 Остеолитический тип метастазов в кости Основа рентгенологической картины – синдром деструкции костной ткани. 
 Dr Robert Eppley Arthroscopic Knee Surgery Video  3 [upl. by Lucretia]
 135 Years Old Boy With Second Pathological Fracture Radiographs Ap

* * *

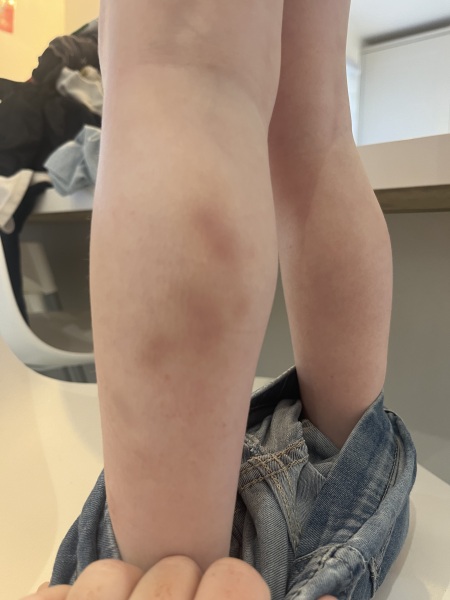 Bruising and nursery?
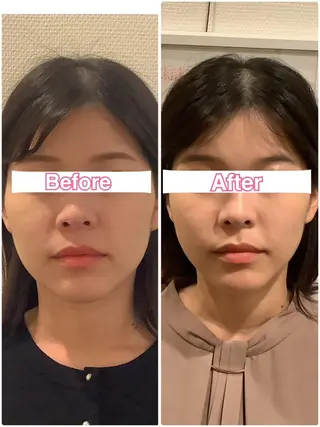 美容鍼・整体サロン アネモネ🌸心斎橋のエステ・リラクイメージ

---

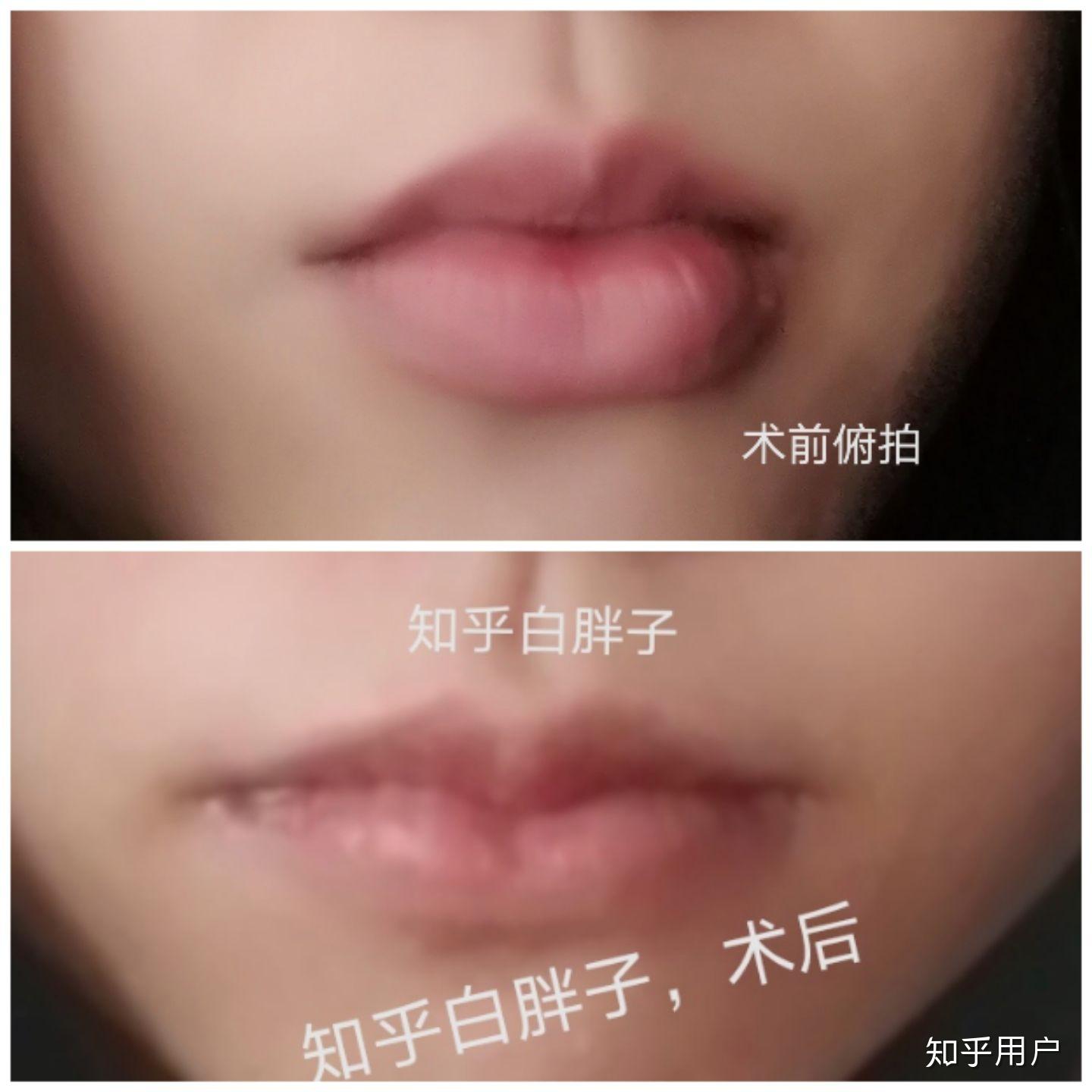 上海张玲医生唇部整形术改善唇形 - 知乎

WORK ITEM:
Retype exactly the lines of the data above that fall between the line with "Остеолитический тип метастазов" and the line with "135 Years Old", inclusive, and add nothing.

FINISHED TASK:
 Остеолитический тип метастазов в кости Основа рентгенологической картины – синдром деструкции костной ткани. 
 Dr Robert Eppley Arthroscopic Knee Surgery Video  3 [upl. by Lucretia]
 135 Years Old Boy With Second Pathological Fracture Radiographs Ap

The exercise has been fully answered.